From: Frank Leonhardt <freebsd-doc_at_fjl.co.uk>
Date: Mon, 27 Oct 2025 15:15:57 UTC
On 27/10/2025 11:58, Matthias Apitz wrote:
> Hello,
> Since 2017 I own the above server which my company wanted to
> decomissioned. I use it since then as my bakery for FreeBSD CURRENT and
> ports.
>
> The server has two SCSI harddrives, da0 is UFS for /root, /usr etc. and
> da1 is ZFS used for poudriere:
>
> Oct 27 04:55:34 jet kernel: da1: <SEAGATE ST3300656SS HS09> Fixed Direct Access SPC-3 SCSI device
> Oct 27 04:55:34 jet kernel: da1: Serial Number 3QP1NF96
> Oct 27 04:55:34 jet kernel: da1: 300.000MB/s transfers
> Oct 27 04:55:34 jet kernel: da1: Command Queueing enabled
> Oct 27 04:55:34 jet kernel: da1: 286102MB (585937500 512 byte sectors)
>
> Since some time this disk gives fault like the messages below and only a
> power-off reset help. Here are the last two faults on October 25 and 27.
>
> What could I do as tests or map away disk blocks so they will not be
> touch again?
>
> Thanks
>
> 	matthias
>
> /var/log/messages
>
> Oct 25 16:55:37 jet kernel: (da1:mps0:0:4:0): READ(10). CDB: 28 00 1a 99 75 39 00 00 02 00
> Oct 25 16:55:37 jet kernel: (da1:mps0:0:4:0): CAM status: SCSI Status Error
> Oct 25 16:55:37 jet kernel: (da1:mps0:0:4:0): SCSI status: Check Condition
> Oct 25 16:55:37 jet kernel: (da1:mps0:0:4:0): SCSI sense: UNIT ATTENTION asc:29,cd (Vendor Specific ASCQ)

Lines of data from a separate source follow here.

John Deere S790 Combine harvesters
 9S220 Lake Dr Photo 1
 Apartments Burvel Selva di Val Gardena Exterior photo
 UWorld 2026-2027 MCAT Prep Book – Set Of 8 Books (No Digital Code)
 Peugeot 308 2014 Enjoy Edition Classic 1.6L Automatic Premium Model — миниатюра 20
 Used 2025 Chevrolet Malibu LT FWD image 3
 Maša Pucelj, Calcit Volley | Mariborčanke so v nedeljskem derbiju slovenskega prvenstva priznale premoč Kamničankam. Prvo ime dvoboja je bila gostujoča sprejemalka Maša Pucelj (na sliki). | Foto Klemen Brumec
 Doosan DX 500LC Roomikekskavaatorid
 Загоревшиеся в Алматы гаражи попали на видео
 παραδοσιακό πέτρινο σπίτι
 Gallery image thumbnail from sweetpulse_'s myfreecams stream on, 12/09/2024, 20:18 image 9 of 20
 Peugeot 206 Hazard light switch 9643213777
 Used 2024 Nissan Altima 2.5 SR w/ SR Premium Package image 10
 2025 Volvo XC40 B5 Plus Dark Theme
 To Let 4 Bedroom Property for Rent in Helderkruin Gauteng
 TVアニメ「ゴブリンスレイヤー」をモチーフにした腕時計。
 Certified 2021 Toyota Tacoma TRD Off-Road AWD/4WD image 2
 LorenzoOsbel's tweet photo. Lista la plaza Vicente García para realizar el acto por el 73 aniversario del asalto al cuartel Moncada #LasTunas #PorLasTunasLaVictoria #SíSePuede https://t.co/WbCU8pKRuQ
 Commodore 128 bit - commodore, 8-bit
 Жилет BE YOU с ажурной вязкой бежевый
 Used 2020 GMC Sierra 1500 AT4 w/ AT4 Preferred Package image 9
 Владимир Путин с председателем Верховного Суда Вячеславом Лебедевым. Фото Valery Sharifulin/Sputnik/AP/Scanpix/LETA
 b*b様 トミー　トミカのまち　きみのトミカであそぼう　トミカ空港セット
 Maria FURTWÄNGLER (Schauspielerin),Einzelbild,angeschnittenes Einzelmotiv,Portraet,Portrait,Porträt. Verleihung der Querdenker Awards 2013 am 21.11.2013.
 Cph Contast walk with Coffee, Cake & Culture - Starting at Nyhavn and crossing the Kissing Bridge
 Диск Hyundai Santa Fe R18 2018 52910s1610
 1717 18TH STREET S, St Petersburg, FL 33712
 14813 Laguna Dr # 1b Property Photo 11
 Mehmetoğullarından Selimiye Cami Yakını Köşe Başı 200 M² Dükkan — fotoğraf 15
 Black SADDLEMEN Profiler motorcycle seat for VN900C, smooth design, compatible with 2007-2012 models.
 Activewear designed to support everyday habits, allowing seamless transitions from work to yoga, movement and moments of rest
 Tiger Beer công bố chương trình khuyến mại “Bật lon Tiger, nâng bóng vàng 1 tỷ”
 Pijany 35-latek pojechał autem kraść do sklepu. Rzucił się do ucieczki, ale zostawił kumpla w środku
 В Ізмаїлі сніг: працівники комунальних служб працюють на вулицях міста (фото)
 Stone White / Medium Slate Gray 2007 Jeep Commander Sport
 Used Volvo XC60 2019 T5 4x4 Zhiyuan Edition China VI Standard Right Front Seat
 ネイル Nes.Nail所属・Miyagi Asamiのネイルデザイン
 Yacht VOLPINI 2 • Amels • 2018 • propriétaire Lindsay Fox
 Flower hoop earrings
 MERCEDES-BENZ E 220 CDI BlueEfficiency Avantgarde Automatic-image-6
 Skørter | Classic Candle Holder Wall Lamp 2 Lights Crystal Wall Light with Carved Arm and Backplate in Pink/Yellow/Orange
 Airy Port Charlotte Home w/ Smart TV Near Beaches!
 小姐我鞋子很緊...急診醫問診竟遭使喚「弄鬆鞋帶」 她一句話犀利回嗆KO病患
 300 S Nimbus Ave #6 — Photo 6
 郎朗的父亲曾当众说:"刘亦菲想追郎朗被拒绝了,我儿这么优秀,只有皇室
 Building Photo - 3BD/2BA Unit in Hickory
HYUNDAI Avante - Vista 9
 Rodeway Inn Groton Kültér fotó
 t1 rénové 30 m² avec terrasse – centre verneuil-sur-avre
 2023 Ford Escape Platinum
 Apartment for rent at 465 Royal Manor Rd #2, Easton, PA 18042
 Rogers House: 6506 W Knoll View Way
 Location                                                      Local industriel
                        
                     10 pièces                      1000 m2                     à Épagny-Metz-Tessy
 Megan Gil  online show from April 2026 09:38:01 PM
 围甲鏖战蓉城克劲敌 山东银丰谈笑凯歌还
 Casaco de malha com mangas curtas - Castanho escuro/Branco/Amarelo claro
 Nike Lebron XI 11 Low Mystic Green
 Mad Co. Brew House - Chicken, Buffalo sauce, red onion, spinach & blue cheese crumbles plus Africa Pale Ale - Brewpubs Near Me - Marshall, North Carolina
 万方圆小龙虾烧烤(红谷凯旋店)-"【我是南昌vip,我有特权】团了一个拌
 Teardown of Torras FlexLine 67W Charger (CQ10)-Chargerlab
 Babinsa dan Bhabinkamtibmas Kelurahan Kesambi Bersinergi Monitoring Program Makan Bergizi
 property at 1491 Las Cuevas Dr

> Oct 25 16:55:37 jet kernel: (da1:mps0:0:4:0): Info: 0x22c0f7
> Oct 25 16:55:37 jet kernel: (da1:mps0:0:4:0): Field Replaceable Unit: 204
> Oct 25 16:55:37 jet kernel: (da1:mps0:0:4:0): Retrying command (per sense data)
> Oct 25 16:55:37 jet kernel: (da1:mps0:0:4:0): READ(10). CDB: 28 00 1a 99 75 39 00 00 02 00
> Oct 25 16:55:37 jet kernel: (da1:mps0:0:4:0): CAM status: SCSI Status Error
> Oct 25 16:55:37 jet kernel: (da1:mps0:0:4:0): SCSI status: Check Condition
> Oct 25 16:55:37 jet kernel: (da1:mps0:0:4:0): SCSI sense: NOT READY asc:4,1 (Logical unit is in process of becoming ready)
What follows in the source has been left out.